> **Available data**:
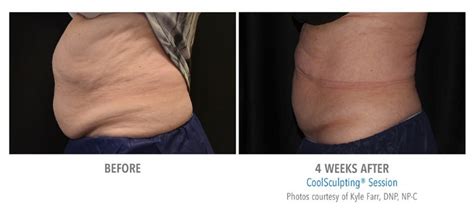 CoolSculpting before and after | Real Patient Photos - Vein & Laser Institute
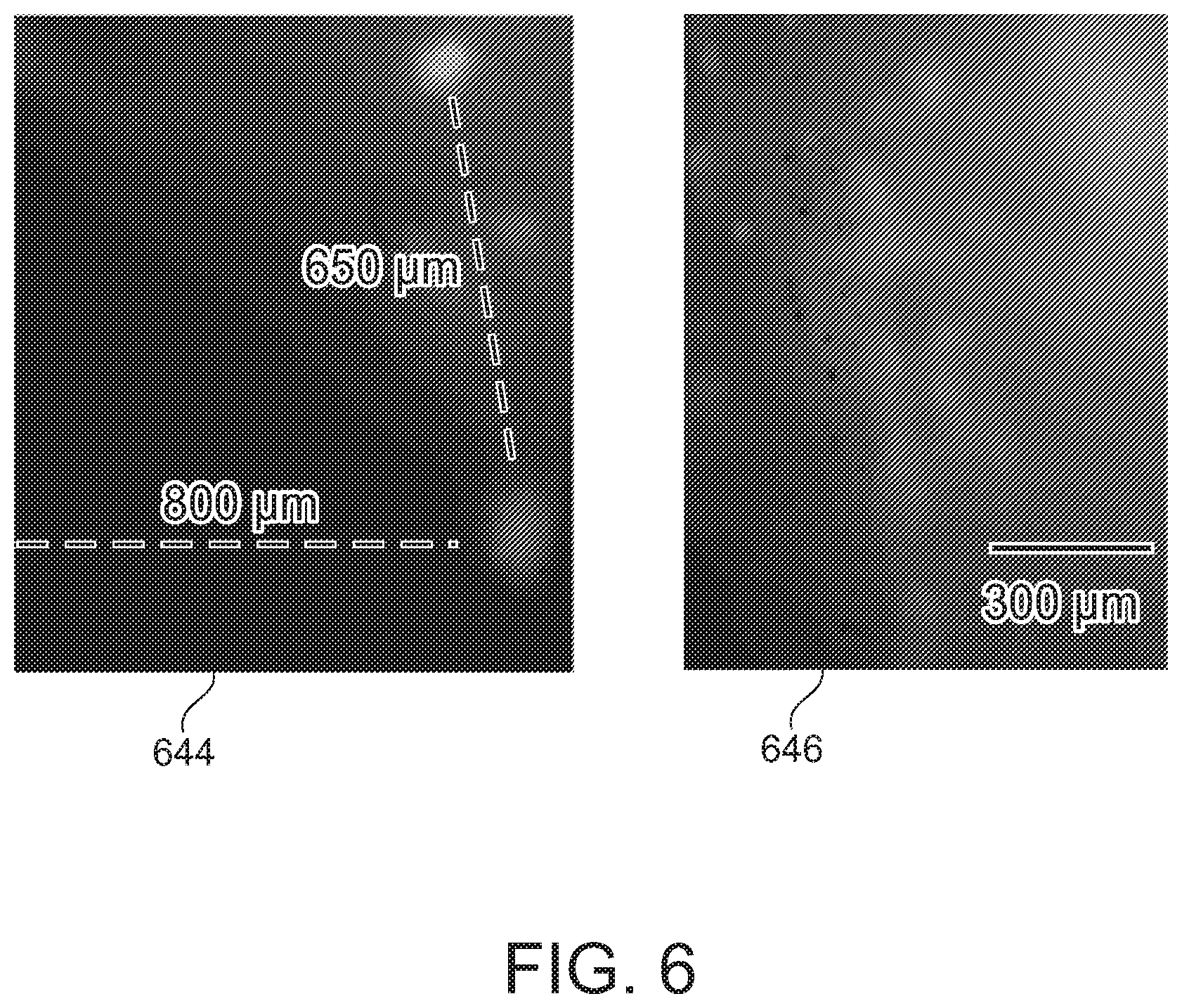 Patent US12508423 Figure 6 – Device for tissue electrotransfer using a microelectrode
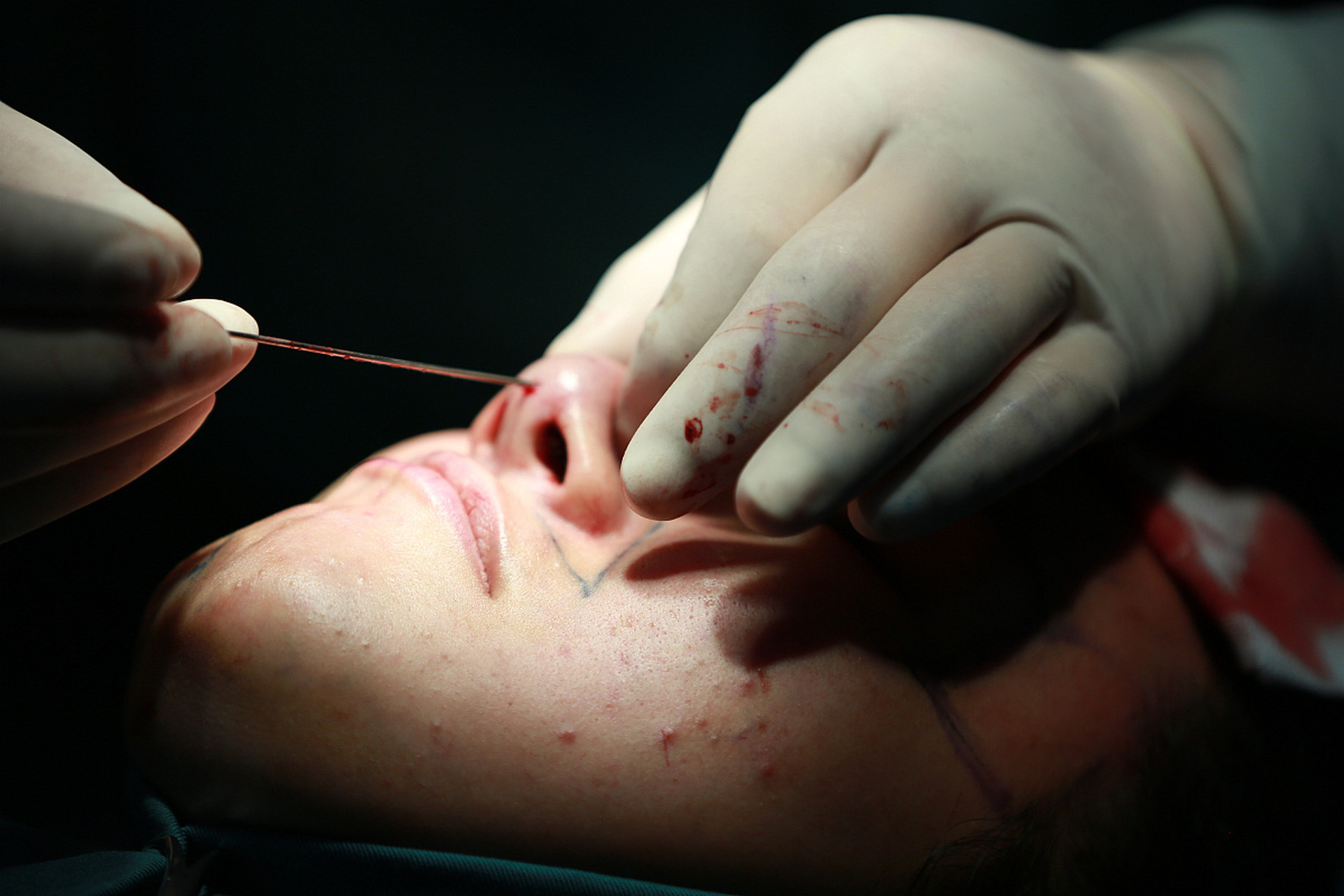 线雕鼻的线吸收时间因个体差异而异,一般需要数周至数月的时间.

> **Directions**: Without changing a word, restate the listing above; the pictures stay out.

> **Your solution**:
 CoolSculpting before and after | Real Patient Photos - Vein & Laser Institute
 Patent US12508423 Figure 6 – Device for tissue electrotransfer using a microelectrode
 线雕鼻的线吸收时间因个体差异而异,一般需要数周至数月的时间.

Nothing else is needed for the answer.